§ **Problem details**
Copy word for word, please, the lines of the entries below running from the one containing "Darkrai (Pokemon League)" to the one containing "Künstler Ak Flechtner, Otto, Generalfeldmarschall", both ends included.

---- Extracted records

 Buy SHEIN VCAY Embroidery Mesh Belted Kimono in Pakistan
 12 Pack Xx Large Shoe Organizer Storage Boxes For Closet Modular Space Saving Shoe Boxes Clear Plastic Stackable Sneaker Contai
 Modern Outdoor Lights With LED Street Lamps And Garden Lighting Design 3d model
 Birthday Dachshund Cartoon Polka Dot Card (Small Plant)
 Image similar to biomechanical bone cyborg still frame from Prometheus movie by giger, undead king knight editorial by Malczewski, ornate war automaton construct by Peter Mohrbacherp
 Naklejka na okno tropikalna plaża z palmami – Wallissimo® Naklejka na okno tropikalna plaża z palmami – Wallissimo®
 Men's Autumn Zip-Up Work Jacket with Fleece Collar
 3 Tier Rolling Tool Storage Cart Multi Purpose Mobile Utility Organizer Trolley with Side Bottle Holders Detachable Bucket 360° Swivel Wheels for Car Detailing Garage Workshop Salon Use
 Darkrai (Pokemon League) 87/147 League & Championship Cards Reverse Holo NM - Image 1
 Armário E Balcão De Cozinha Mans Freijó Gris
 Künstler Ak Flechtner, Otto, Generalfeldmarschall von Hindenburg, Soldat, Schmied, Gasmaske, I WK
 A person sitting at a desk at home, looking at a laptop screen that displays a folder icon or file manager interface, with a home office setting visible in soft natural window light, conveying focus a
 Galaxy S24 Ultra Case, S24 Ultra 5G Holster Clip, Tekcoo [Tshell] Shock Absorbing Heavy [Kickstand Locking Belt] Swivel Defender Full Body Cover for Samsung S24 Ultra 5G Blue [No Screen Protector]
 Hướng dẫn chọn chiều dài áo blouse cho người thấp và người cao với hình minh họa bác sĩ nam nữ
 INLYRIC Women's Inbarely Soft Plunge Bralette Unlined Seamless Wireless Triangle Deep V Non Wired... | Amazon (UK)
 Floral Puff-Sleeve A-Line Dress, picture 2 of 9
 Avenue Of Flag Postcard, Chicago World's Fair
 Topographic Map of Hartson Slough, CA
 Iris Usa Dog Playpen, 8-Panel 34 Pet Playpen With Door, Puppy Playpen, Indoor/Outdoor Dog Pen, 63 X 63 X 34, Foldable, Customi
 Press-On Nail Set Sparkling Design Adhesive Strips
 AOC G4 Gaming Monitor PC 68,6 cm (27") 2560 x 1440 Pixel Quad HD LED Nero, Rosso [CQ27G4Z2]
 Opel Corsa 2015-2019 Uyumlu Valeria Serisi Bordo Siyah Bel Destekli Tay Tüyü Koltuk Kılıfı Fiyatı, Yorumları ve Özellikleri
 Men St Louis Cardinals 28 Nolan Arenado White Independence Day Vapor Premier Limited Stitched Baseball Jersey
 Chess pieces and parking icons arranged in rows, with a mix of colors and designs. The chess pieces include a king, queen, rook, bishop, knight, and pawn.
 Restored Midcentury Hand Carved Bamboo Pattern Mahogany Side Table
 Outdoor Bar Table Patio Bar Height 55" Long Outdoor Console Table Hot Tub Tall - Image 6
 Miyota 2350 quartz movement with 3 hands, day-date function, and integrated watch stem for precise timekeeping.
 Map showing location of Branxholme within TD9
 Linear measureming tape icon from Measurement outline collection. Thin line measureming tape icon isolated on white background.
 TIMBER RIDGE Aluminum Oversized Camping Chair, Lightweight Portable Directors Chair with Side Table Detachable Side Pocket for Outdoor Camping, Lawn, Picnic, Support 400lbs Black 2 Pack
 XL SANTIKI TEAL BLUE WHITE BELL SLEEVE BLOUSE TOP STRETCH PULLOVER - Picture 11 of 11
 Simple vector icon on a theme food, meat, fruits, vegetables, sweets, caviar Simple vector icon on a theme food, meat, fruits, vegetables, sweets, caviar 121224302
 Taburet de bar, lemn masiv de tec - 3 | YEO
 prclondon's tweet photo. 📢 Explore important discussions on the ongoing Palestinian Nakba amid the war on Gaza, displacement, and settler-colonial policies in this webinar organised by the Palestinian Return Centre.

--------

§ **Response area**
 Darkrai (Pokemon League) 87/147 League & Championship Cards Reverse Holo NM - Image 1
 Armário E Balcão De Cozinha Mans Freijó Gris
 Künstler Ak Flechtner, Otto, Generalfeldmarschall von Hindenburg, Soldat, Schmied, Gasmaske, I WK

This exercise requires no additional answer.